[PROVIDED MATERIAL Boundary: Start]
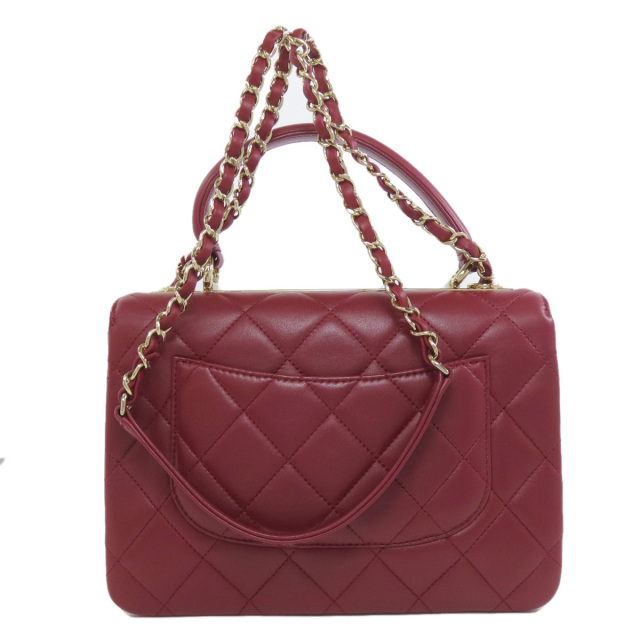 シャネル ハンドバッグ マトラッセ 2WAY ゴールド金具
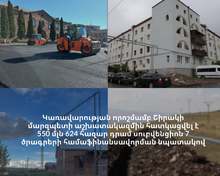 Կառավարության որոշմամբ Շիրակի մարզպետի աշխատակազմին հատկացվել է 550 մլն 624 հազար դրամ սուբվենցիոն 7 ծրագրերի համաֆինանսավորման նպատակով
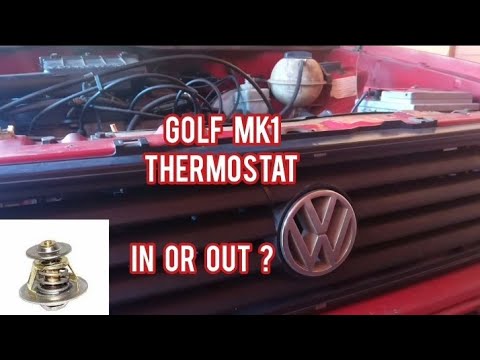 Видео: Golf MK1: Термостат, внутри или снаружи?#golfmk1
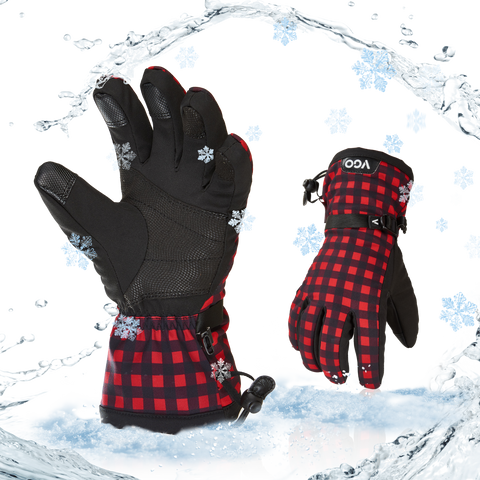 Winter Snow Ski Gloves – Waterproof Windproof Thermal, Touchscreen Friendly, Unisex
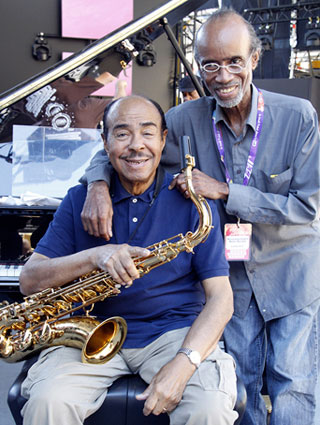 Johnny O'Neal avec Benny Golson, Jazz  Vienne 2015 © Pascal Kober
[PROVIDED MATERIAL Boundary: End]
### TASK DIRECTIONS
Reproduce each entry exactly as given; no pictures, please.

### RESULT OF THE TASK
 シャネル ハンドバッグ マトラッセ 2WAY ゴールド金具
 Կառավարության որոշմամբ Շիրակի մարզպետի աշխատակազմին հատկացվել է 550 մլն 624 հազար դրամ սուբվենցիոն 7 ծրագրերի համաֆինանսավորման նպատակով
 Видео: Golf MK1: Термостат, внутри или снаружи?#golfmk1
 Winter Snow Ski Gloves – Waterproof Windproof Thermal, Touchscreen Friendly, Unisex
 Johnny O'Neal avec Benny Golson, Jazz  Vienne 2015 © Pascal Kober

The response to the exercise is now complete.